When legendary blues pioneer Robert Johnson took his infamous (and probably apocryphal) trip to the crossroads, he no idea that he was birthing an entirely new genre in music. And he certainly had no clue how far his influence would travel.
Getting raw Down Under
Australian blues guitarist Matty T Wall is proof of how far that influence would go. “I discovered Robert Johnson and he made the hair on the back of my neck stand up,” he recalls. “I got into the blues and have never gotten out of it.”
But getting into the blues was a complicated process for the young Australian.
With a father who listed Eric Clapton and Blues-influenced band Dire Straits as favorites, the young Matty needed no prodding to find an affection for the genre. Being armed with a Fender Stratocaster didn’t hurt either. Nonetheless, his first music crush was not on the blues, but on the flashy world of heavy metal. ACDC’s album “Dirty Deeds Done Dirt Cheap” was an early favorite.
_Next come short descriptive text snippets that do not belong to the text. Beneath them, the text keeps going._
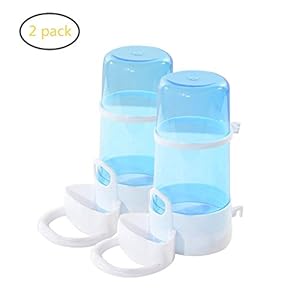 Yuccer Hámster Botella de Agua, Comedero Automático de Alimentos para Mascotas, Cobayas, Hurones, Conejos and Pájaro (2 Pack)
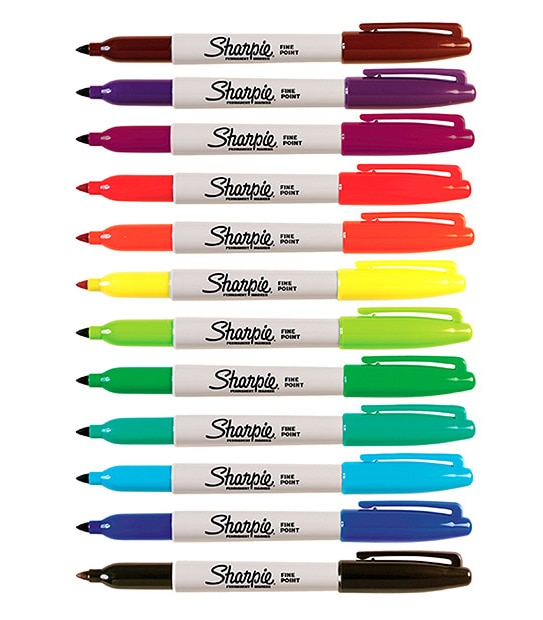 Sharpie Fine Point Fashion Permanent Markers - 12 Pack 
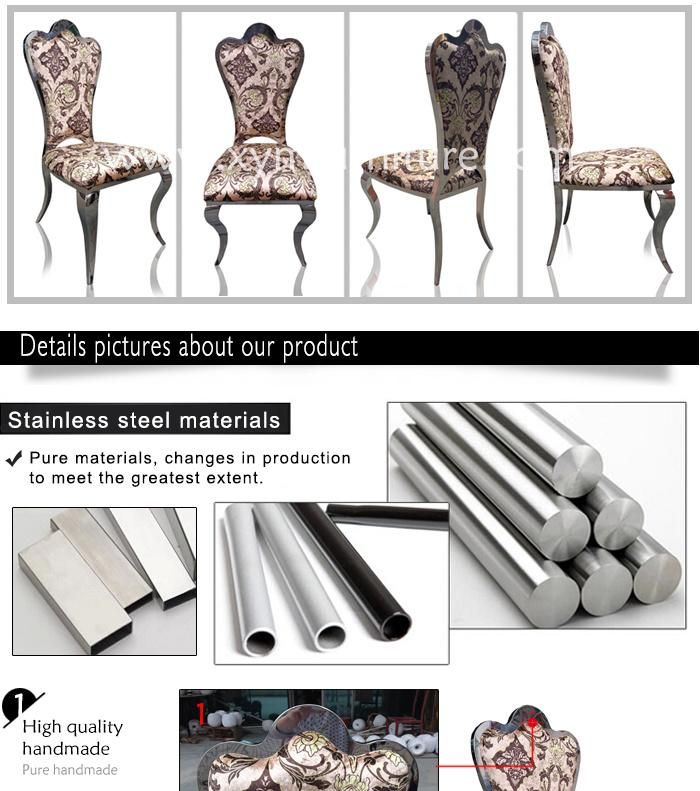 New Style Low Price White Leather Gold Stainless Steel Chair, Wholesale Wedding and Event Chairs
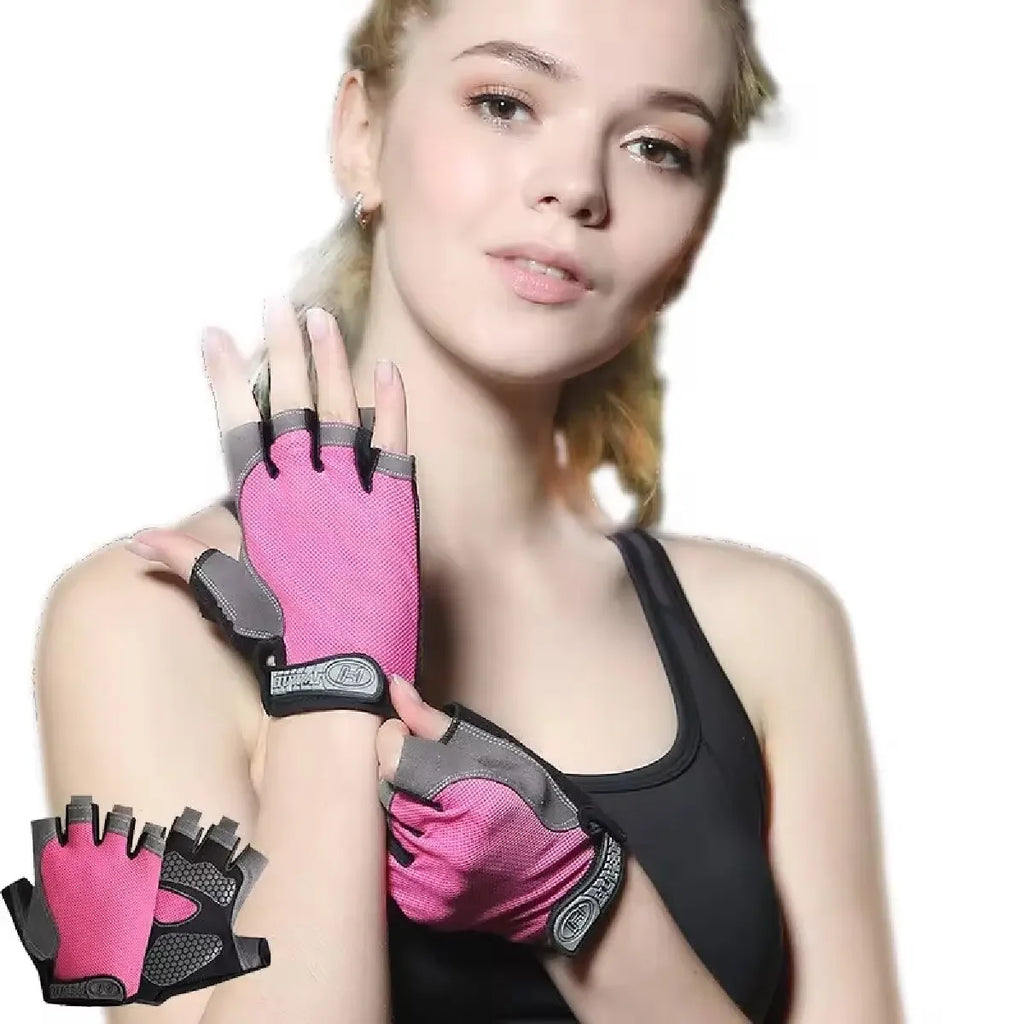 Anti-Slip Half Finger Gym Gloves
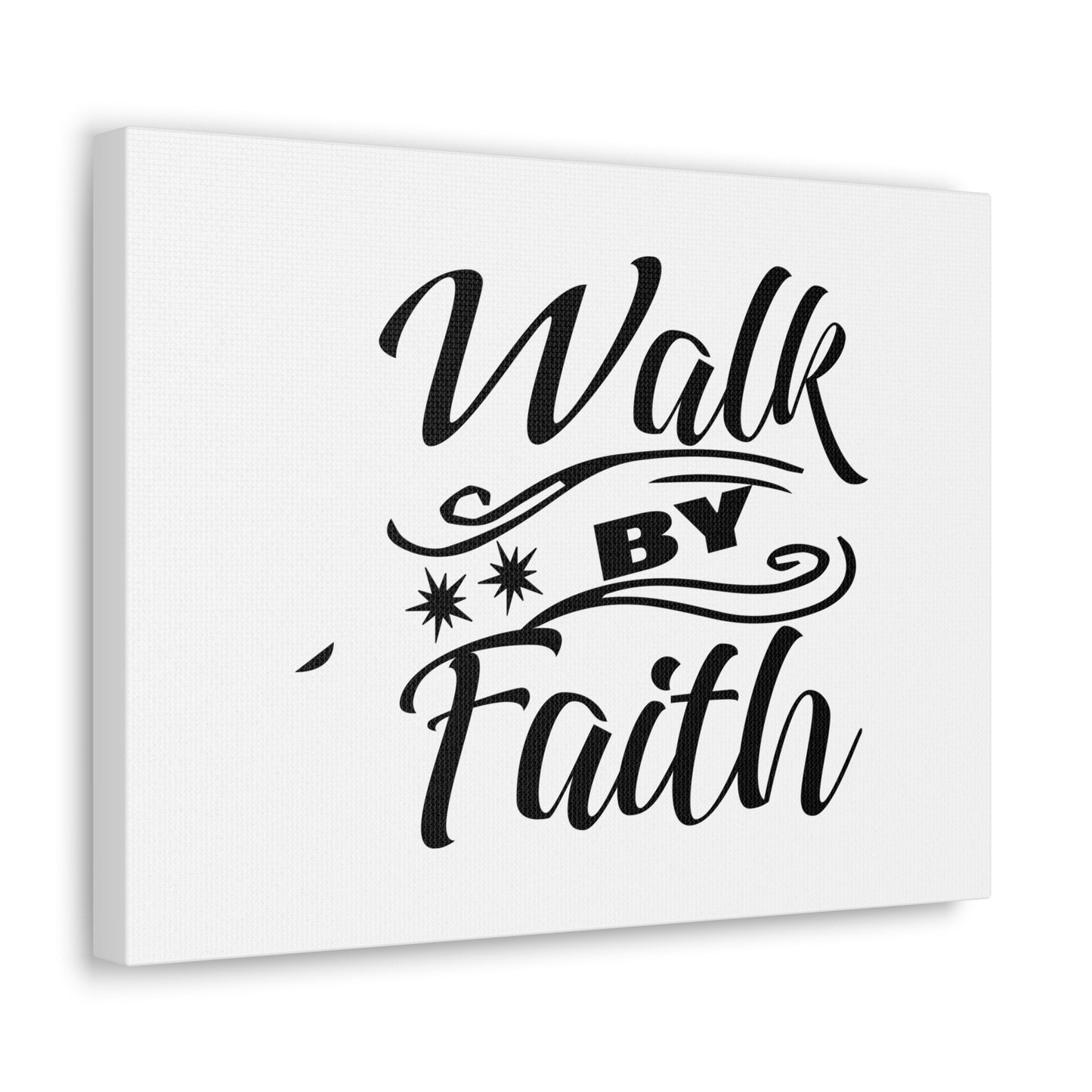 Walk By Faith 2 Corinthians 5:7 Two Star Christian Wall Art Bible Verse Print Ready to Hang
He also found much to admire in such legendary headbangers as Led Zeppelin, Pantera and Metallica before returning to the music he’d listed to with his father, embracing a simplicity and emotional connection in the blues.
Not surprisingly, a big part of his return came with the realization of how much heavy metal had been built upon the emotional rawness and honesty of the blues.
The Blues in the Outback
Once his path to music enlightenment had become clear, it then became a matter for Wall to find a place for himself. But how does one find success in the Australian blues scene? The answer wasn’t as complicated as you may think.
Home to a strong and vibrant blues scene, Matty’s native country was already open to influence from the foreign genre. Wall cites the John Butler Trio as an example of how the land down under can combine straight ahead southern-fried blues with traditional Australian acoustic folk music. “Lots of people see that as blues.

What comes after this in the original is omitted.